Wissenswertes zum Stand der Zulassung von Stevia

In einigen EU-Ländern wie z. B. Frankreich und der Schweiz sowie in Japan und Brasilien ist Stevia schon lange als Lebensmittelzusatzstoff und Zuckeraustauschstoff zugelassen. Er wird unter anderem in Sojasauce, Sauerkonserven, Süßwaren und Softdrinks vor allem als Alternative zu Aspartam und Saccharin verwendet. In den USA ist es als Lebensmittelzusatzstoff verboten, jedoch als Nahrungsergänzungsmittel erlaubt.

In der EU wurde der Antrag Stevia als „Novel Food“ zuzulassen, vorläufig abgelehnt. Begründet wurde diese Entscheidung damit, dass es nur wenige unzureichende Informationen über seine gesundheitliche Unbedenklichkeit gibt. Die European Stevia Association (EUSTAS) arbeitet derzeit an einem Neuantrag als „Novel Food“.

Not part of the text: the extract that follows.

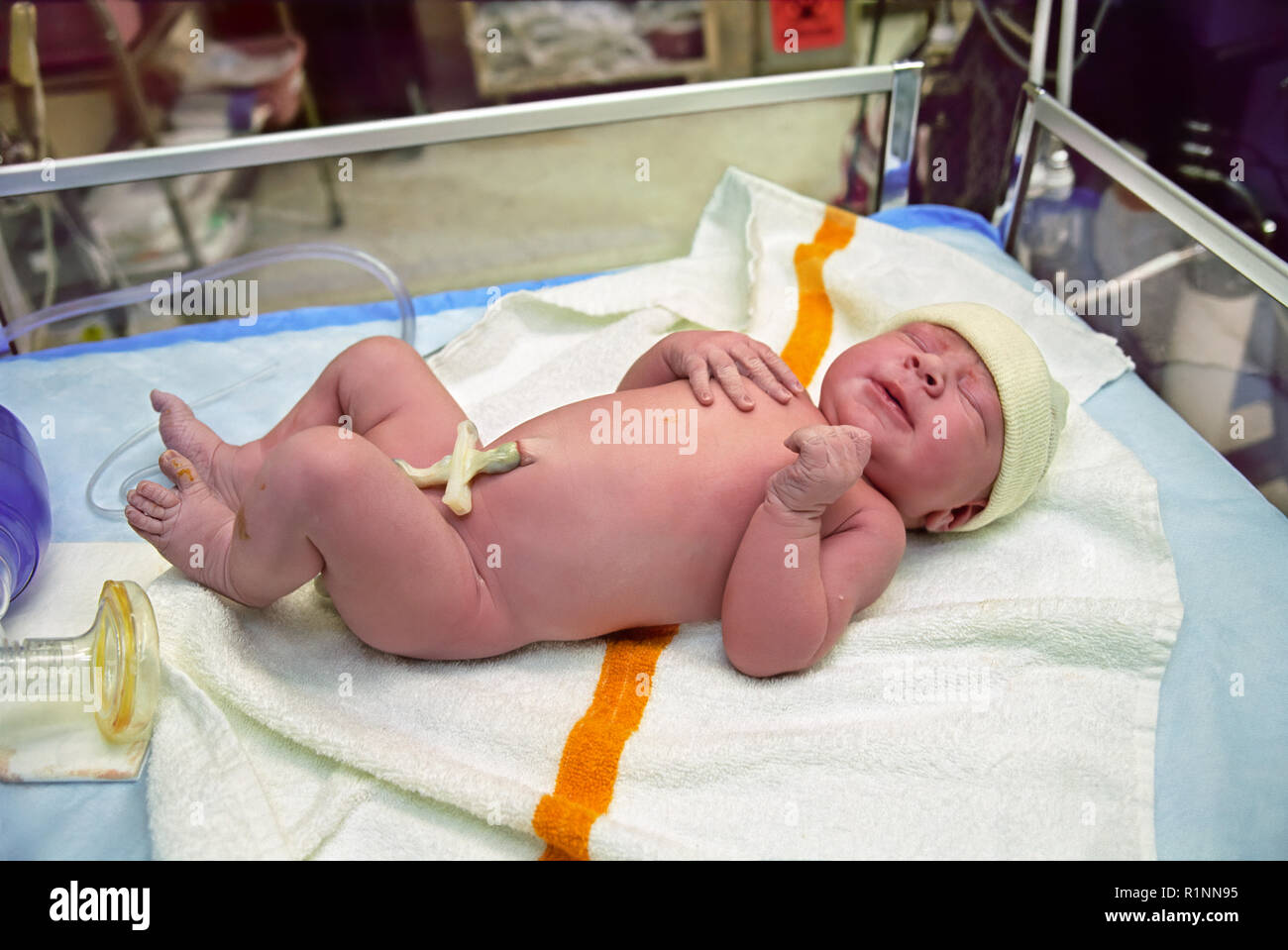 A newborn baby in the operating room just cleaned after a cesarean section Stock Photo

Anwendungsmöglichkeiten für Stevia

Stevia wird traditionell als ganzes Blatt (in Teebeuteln) und als Flüssigextrakt angewendet. Getrocknet und pulverisiert kann Stevia wie normaler Zucker verwendet werden, allerdings mit entsprechend höherer Süßkraft (30x). Einige typische Lebensmittelanwendungen sind: Softdrinks, Eiscreme, Joghurt, Kaugummis, Bonbons und Diabetes-Diäten; aber auch in Zahnpasta und in der Hautpflege wird es eingesetzt.